The two are related, of course. Indeed, you can’t hope to serve someone until you have engaged them–or captured their attention in some meaningful way. This means doing so without resorting to a short-lived gimmick (which may get someone’s attention but certainly will not keep it).
Which begs the question: how do we know if we are doing our job?
The obvious answer is in sales, but that itself is jumping the gun. I often compare marketing and sales as the first being the forest; the second being the trees. Marketing addresses a bigger picture and strategy that fuels sales. This means that you can’t just put quality content out there and wait for sales to jump.
Rarely does one make a sale with a single close. Rather, it takes a series of closes, often referred to as a sales funnel:
- When a prospect agrees to a meeting or phone conversation, that’s a close.
- When a prospect requests additional information or has meaningful questions, that’s a close.
- When a prospect confirms understanding and a want and/or need of the value you can deliver, that’s a close.
- When a prospect writes the check or places the order, that’s definitely a close!
So how do we get the prospect into this funnel? How do we translate prospect engagement and service into sales? Or better put: what constitutes the FIRST CLOSE of this sales funnel?
That’s where content marketing can make all the difference. It can help you with that first close.
Have you ever responded to an online ad or post of some kind that offered you a free report, ebook or other resource that promised to deliver something you wanted? In that case, what did you do? Chances are, you completed a simple form that asked for little more than your name and email address, and within minutes, the downloadable report was in your hands.

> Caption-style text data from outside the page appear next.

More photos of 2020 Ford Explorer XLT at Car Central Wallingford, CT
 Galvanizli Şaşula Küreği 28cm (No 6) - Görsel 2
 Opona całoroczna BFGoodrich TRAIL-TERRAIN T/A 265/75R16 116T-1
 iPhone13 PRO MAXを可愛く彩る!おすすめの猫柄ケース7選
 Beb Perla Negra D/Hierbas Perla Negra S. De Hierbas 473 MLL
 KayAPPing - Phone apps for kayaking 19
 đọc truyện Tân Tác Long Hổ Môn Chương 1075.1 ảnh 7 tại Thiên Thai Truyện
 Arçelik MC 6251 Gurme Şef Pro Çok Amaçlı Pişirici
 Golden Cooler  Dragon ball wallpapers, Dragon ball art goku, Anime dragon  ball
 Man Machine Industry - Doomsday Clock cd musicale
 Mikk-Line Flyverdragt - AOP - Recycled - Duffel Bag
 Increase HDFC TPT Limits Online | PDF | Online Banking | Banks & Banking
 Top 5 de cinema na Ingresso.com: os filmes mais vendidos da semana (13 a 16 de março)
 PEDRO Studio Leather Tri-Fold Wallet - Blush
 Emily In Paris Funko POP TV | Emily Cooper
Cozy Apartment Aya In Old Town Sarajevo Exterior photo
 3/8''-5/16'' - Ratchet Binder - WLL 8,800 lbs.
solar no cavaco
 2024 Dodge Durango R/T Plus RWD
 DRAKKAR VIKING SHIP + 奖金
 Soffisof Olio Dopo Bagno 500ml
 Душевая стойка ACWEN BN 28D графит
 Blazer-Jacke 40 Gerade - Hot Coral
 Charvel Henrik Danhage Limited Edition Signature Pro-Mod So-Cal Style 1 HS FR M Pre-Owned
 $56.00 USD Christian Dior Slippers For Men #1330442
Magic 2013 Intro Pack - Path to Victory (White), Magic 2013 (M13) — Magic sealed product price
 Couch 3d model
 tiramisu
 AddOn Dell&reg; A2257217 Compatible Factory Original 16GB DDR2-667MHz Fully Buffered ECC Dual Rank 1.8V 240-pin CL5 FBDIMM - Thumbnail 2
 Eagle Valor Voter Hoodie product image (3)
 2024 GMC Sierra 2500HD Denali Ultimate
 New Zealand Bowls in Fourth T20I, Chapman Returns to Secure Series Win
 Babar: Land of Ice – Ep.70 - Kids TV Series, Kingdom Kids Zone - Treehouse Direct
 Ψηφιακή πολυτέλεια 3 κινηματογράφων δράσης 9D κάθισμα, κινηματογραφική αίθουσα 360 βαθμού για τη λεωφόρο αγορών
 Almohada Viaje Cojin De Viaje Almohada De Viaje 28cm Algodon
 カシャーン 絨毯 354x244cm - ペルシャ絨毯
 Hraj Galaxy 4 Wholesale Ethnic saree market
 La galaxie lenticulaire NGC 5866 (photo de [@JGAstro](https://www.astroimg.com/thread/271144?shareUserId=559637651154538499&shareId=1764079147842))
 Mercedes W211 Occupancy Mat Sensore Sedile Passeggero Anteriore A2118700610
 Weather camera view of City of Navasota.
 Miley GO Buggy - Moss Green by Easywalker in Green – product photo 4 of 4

Bear in mind: the publisher of that resource didn’t give anything away. Too many people think content marketing is about giving away the store. Nothing can be further from the truth. For you to get the information you wanted, you had to give something of value that you possessed in return. Instead of cash, you gave your contact information, with tacit permission for further communication (with power to revoke said permission at any time).
And in the process, you added yourself to the publisher’s subscriber base. And the content marketing mission was accomplished.
One of the biggest challenges of sales is that, for better or for worse, prospects buy on their timetable, not ours. It makes no difference to them how badly we need to make payroll or pay the mortgage…that’s not going to impact their decision to buy. What we need to do is fuel the relationship and be top-of-mind so that when they are ready to buy, they call us. To achieve that, we need to be touching that prospect on a regular basis–and to do so, we need them to become a subscriber.
When we have a growing subscriber base (sometimes called a distribution list), we have a pool of individuals who have, for the most part, already placed themselves in the funnel. We have completed that first close. As this base grows and is served through ongoing (but not too often) communication and delivering of value (not sales pitches!), it becomes a true business asset that can fuel future conversions into sales.
So if you want to leverage content into sales, build your subscriber base, and serve them.